#### [What to do]
Within the entries below, please retype exactly the lines starting with the line that has "Genuine Joe 2" and going on through the line that has "Vintage Murano Italy", but not the pictures.

#### [Data]

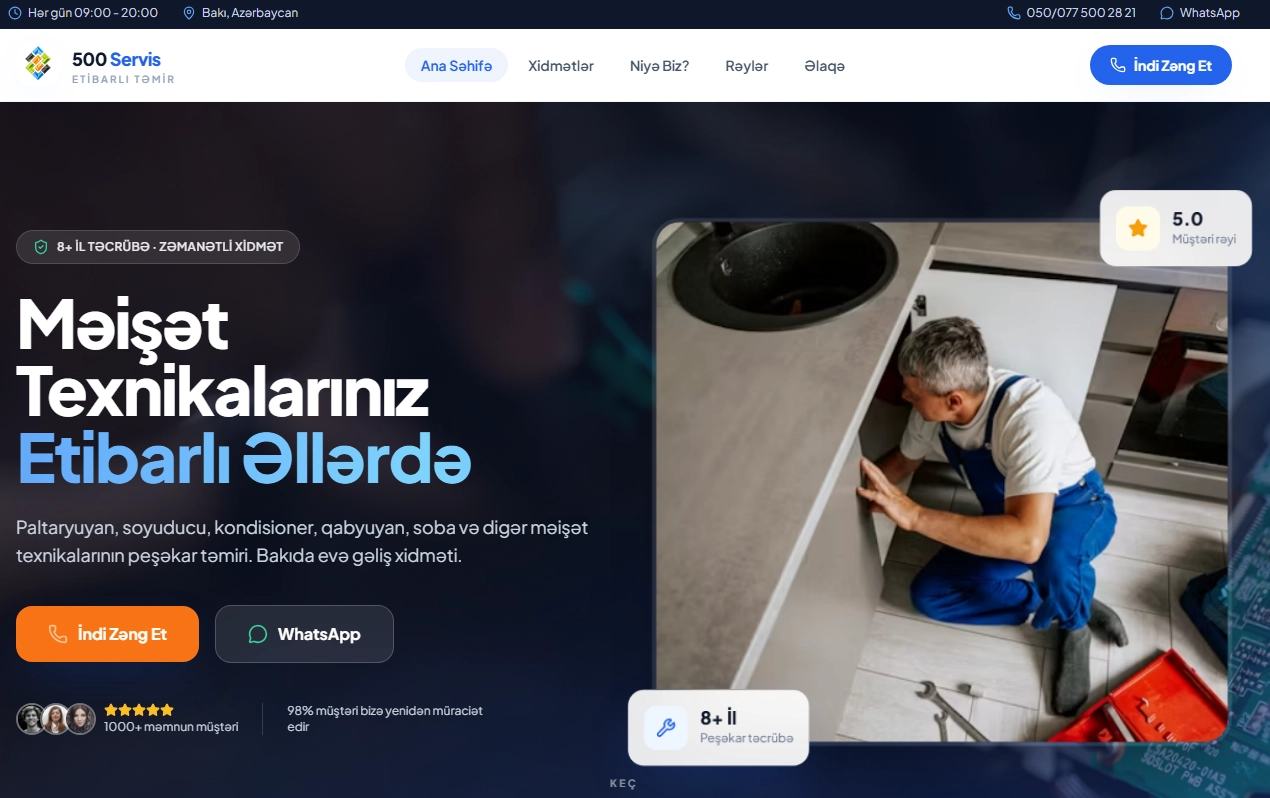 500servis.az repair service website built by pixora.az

* * *

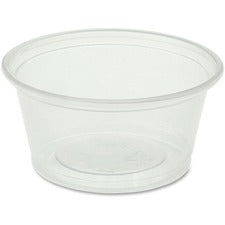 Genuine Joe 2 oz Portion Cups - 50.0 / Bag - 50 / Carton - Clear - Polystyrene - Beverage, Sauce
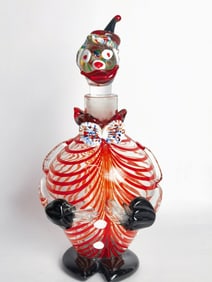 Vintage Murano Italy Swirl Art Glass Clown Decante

#### [Your response]
 Genuine Joe 2 oz Portion Cups - 50.0 / Bag - 50 / Carton - Clear - Polystyrene - Beverage, Sauce
 Vintage Murano Italy Swirl Art Glass Clown Decante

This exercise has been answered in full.